» ABOUT THIS TASK
Go through the listing below and write out exactly the lines from the one that mentions "Przypinka Mój Pierwszy" through the one that mentions "Thumbnail 3 in", minus the pictures.

» MATERIAL PROVIDED

----------

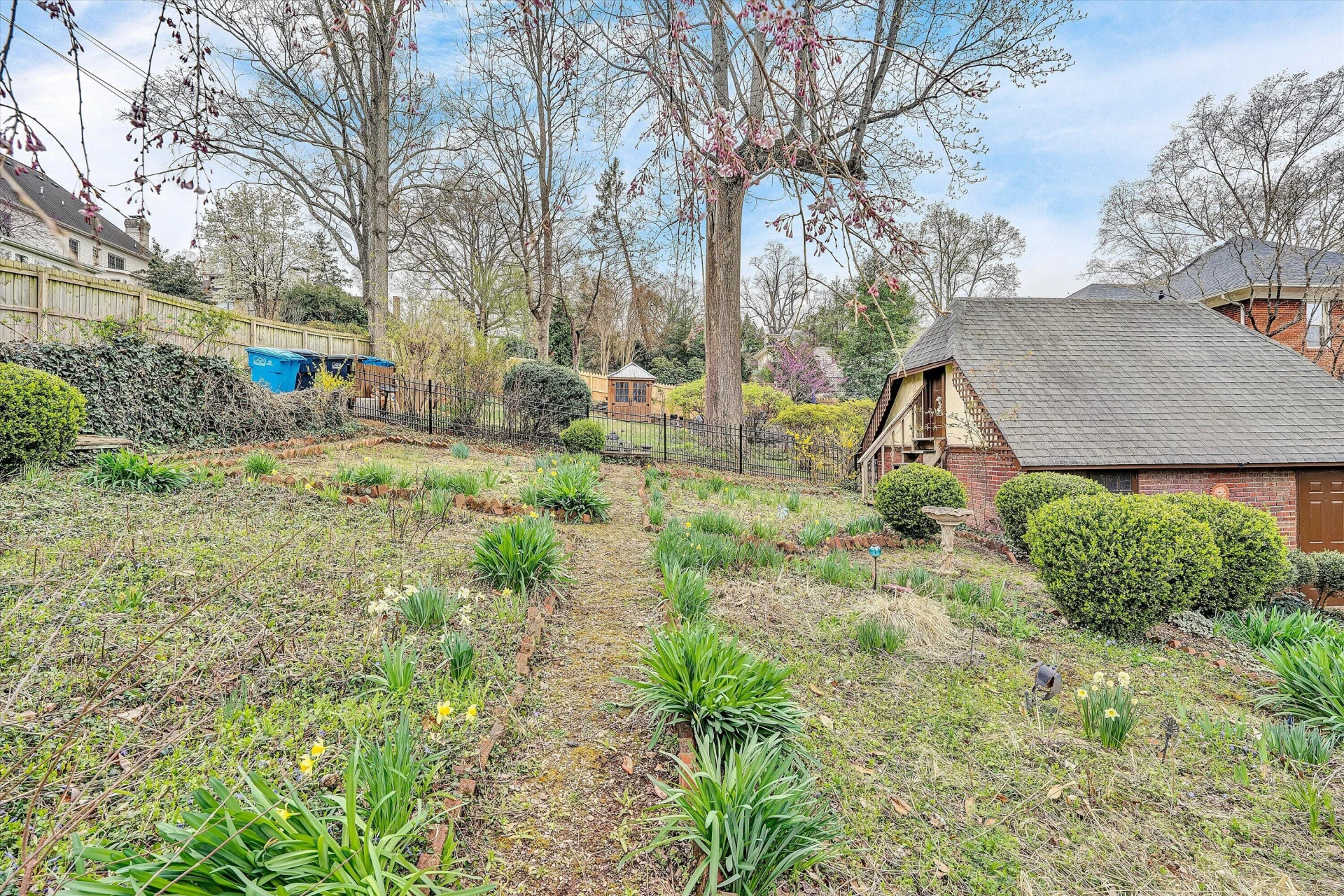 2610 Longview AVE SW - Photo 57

----------

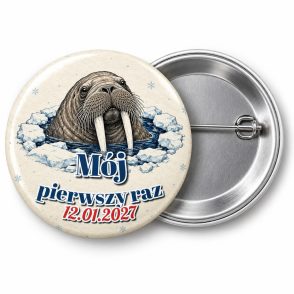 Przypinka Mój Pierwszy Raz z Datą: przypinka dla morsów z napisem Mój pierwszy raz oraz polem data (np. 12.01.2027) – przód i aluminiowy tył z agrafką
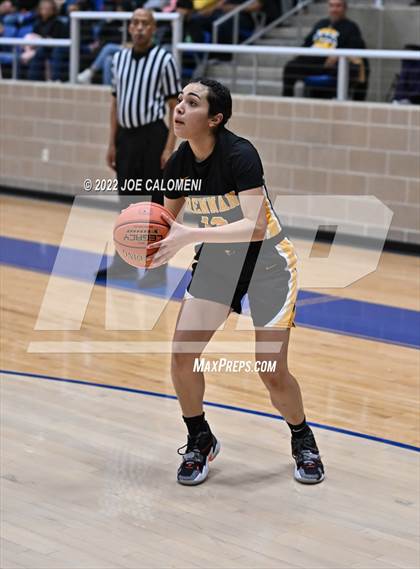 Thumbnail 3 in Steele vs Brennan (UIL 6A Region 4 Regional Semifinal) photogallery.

----------

» RESPONSE
 Przypinka Mój Pierwszy Raz z Datą: przypinka dla morsów z napisem Mój pierwszy raz oraz polem data (np. 12.01.2027) – przód i aluminiowy tył z agrafką
 Thumbnail 3 in Steele vs Brennan (UIL 6A Region 4 Regional Semifinal) photogallery.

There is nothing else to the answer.